Orietta Moscatelli conosce bene la Russia. Prima di tutto perché ha studiato russo e poi perché in Russia ci ha vissuto per anni. E poi anche perché segue ancora molto da vicino tutte le vicende del grande Paese che dall’Europa si estende fino allo stretto di Bering, per 11 fusi orari. Dopo l’avvio della guerra in Ucraina, il 24 febbraio scorso, e dopo altri due mesi di combattimenti ha iniziato a mettere mano a un volume che permette al lettore il tuffo in una realtà che qua in Occidente, e anche in Italia, non sempre passa con la dovizia di particolari e di conoscenze che la Moscatelli sa mettere in campo. Il suo è un percorso, descritto nel volume edito dalla Salerno editrice “Putin e putinismo in guerra” (156 pagine, 20 euro), in un territorio a molti ignoto. Un mondo, il putinismo appunto, che, come afferma l’autrice, sopravviverà al presidente russo. Un sistema, quasi un regime ormai, che si autoalimenta e cerca nuovi equilibri per nulla semplici da trovare e fare convivere in un territorio vastissimo, come la guerra in atto sta mettendo in evidenza.

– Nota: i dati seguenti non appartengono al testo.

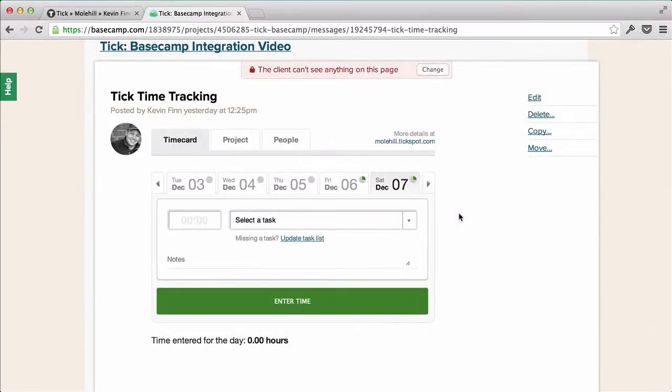Hello, this is Jared from Tick. Now that we have our Tick account connected to Basecamp, we can talk a little more about how Tick can really help the team.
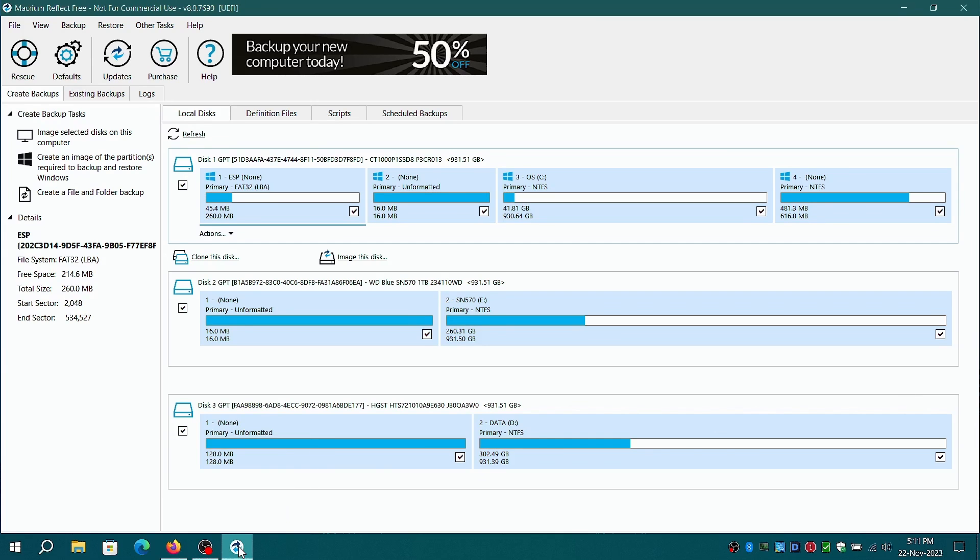Hi everyone, in this video I'll be showing how to create a Macrium Reflect Rescue ISO based on Windows 11 using the free version. Let's get started.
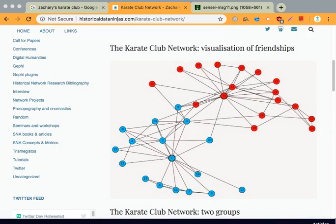Hi, this is Edmund, and this is my video explaining Zachary's Karate Club. This was split up between me and Robert, and so I'm mainly going to be going over what exactly the Karate Club is, the origins of the dataset, and also the methodology that was used to eventually process the data.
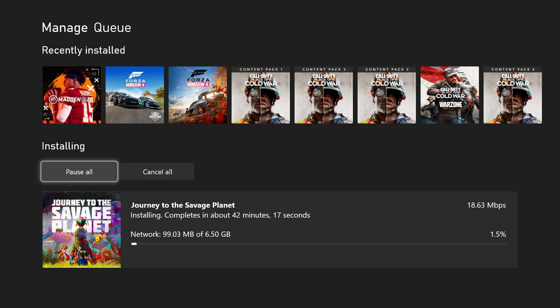So instead of it being like 40 minutes, it's going to cut it down to under 10 minutes. This is going to come in handy when downloading huge games like Modern Warfare, Black Ops, GTA, any old games that you have.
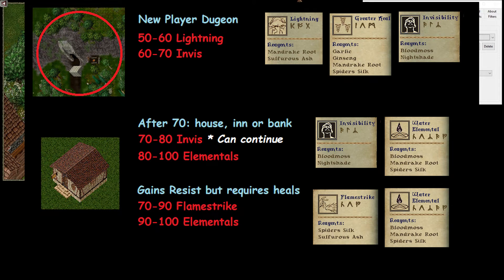There's going to be a 50 to 70 training script, and then there's going to be another script from 70 to 200. To start with the 70, basically we're going to go to the Shelter Dungeon. Start by Lightning ourselves and healing ourselves if needed, and then we'll move on to Invisibility.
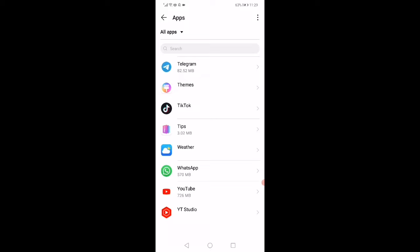Click on WhatsApp, then click on Force Stop. After that, click on Storage, then click on Clear Cache. And that's it. Now all you want to do is very simple — just restart your phone.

Non sarà più un mondo a trazione occidentale, dice la caporedattrice esteri dell’agenzia Askanews che da vent’anni collabora anche con Limes, ma che piano piano sta spostando il suo baricentro verso il sud est del mondo, con un asse Pechino-Mosca che non fatto da alleati è realizzato per interessi comuni, primo fra tutti quello di depotenziare il nemico comune, gli Usa, “unico egemone barbarico e sanguinario”, come si legge nell’ultima pagina del volume.
Un libro da leggere, quello della Moscatelli, per tentare di entrare in una mentalità molto lontana dalla nostra che ancora guarda con favore all’epoca degli zar. “La Russia ha solo due alleati: la sua flotta e il suo esercito”: questa frase dello zar Alessandro III Putin l’ha usata nel 2015, per poi precisare che stava scherzando. Ma in Russia viene usata, aggiunge la giornalista, ogni volta che la Russia si è trovata isolata e in difficoltà. Il nuovo zar Putin è uno al quale ora non si dice mai di no. Anzi, a lui viene detto quel che vuole sentirsi dire, come potrebbe essere capitato anche in occasione dell’invasione dell’Ucraina. Per timore di essere esclusi dal cerchio magico del numero uno del Cremlino, nessuno più gli racconta la verità. E la rarefazione della verità, dal basso verso l’alto. “è una sindrome di cui soffrono i regimi di lungo corso”.
Putin sa essere anche doppio, come è nella natura della ex spia del Kgb, che descrive molto bene il suo modo di essere e di apparire, anche in pubblico. “Il potere putiniano si nutre di ambiguità”, scrive l’autrice, per tenere in piedi il Mondo Russo, il Russkij Mir, una delle ossessioni di Putin dopo la caduta dell’Urss. Mondo Russo difficile da tenere insieme per le spinte che giungono dai luoghi più lontani da Mosca.
Infine ci sono anche i valori in cui un regime sempre si identifica. Vale così anche per lo stesso Putin e per il putinismo: famiglia, radici cristiane, memoria storica e patriottismo. Gli ingredienti ci sono tutti appunto perché il putinismo possa sopravvivere a chi lo ha generato. A meno di rovesci che, al momento, nonostante le sanzioni e le difficoltà di una guerra che si prolunga, appaiono improbabili. La Russia e i russi hanno grande capacità di resilienza, qualità che il presidente alimenta e sulla quale fa grande affidamento.